The latest jaw-dropper is a class for babies age 4 to 11 months “teaching” them to crawl up inclines, “begin understanding cause and effect” and “start gaining a better awareness of things around them.”

As opposed to every other baby in the world who is not enrolled in that class?

This is a perfect example of how our culture has figured out how to destroy even the most basic belief in our kids. Parents are being told they need experts to teach their kids what every able-bodied baby—from monkey to mealworm—learns, which is how to move and interact with the environment. A class like this also creates the worry that without professional help, your baby could fall hopelessly behind, perhaps forever, starting with crawling up soft inclines.

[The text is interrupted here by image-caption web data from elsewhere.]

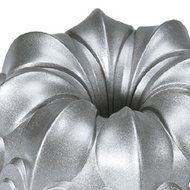 Nordic Ware Cast-Aluminum Nonstick Muffin Pan, Sweetheart Rose N21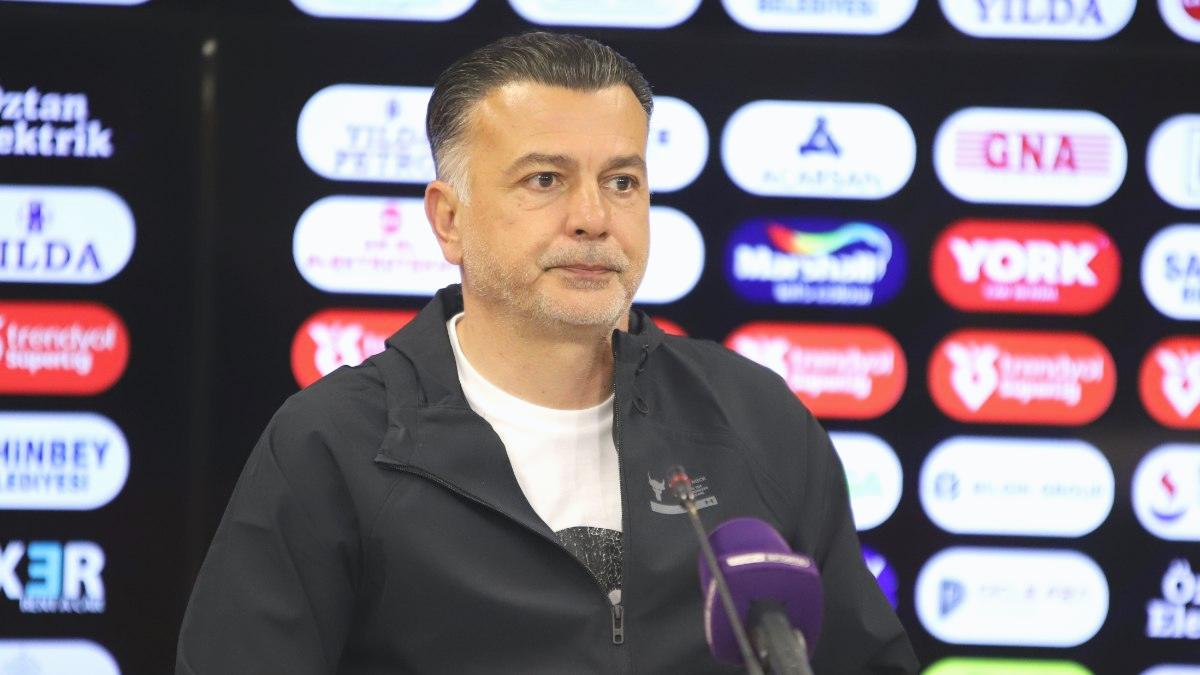 Hatayspor, Murat Şahin’in görevden ayrıldığı iddialarını yalanladı
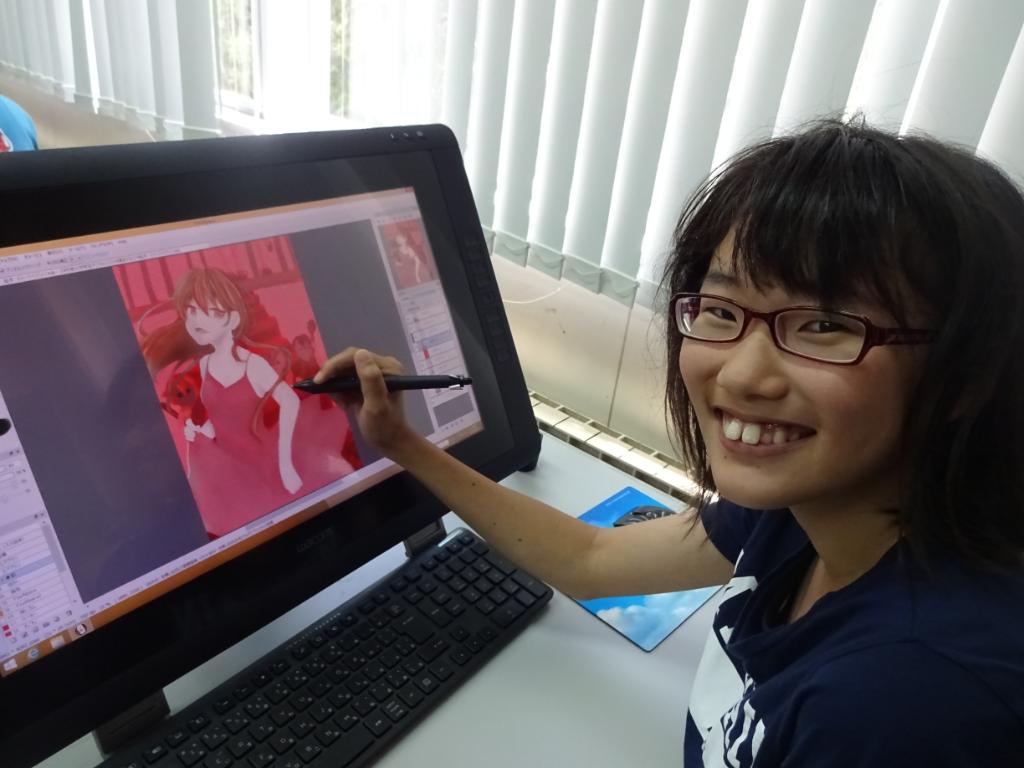 株式会社ワコム Ar Twitter 中学3年生のhさんが岩見沢緑陵高校 小中学生のためのデジタルイラスト講座 で制作したイラスト 同校出身の小説家 氷室冴子さんの シンデレラ迷宮 の一節がテーマです 赤の使い方がとても印象的な一枚 Madewithwacom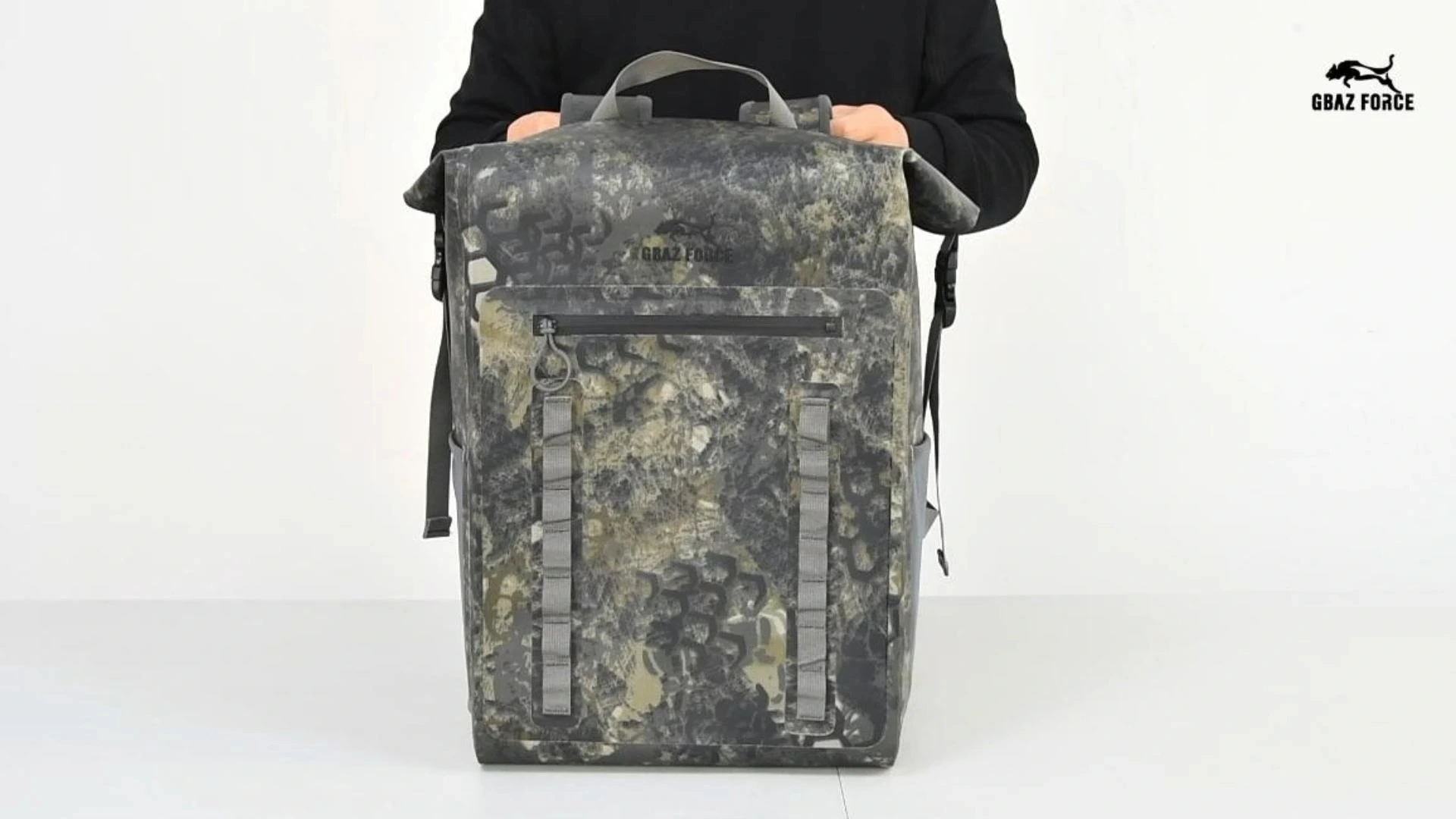 Mochila impermeável dobrável GAF Custom 25L com sistema Molle e acolchoamento em EVA. 1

Other crazy products include spoons that change color when the food in them is too hot, electronic gizmos that track your baby’s blood oxygen level while they sleep, and a diaper that analyzes their pee —but I’m not sure if that ever got out of beta.

If you were to give three points of advice to today’s parents, what would they be?

  • Don’t fall for the hokum that this generation of kids is in more danger of being hurt —physically, psychologically or emotionally—than any generation before it.
  • Don’t always watch your kids, electronically or otherwise, lest you feel compelled to “help” them when they are learning to help themselves.
  • Repeat this mantra: All the worry in the world doesn’t prevent death. It prevents life.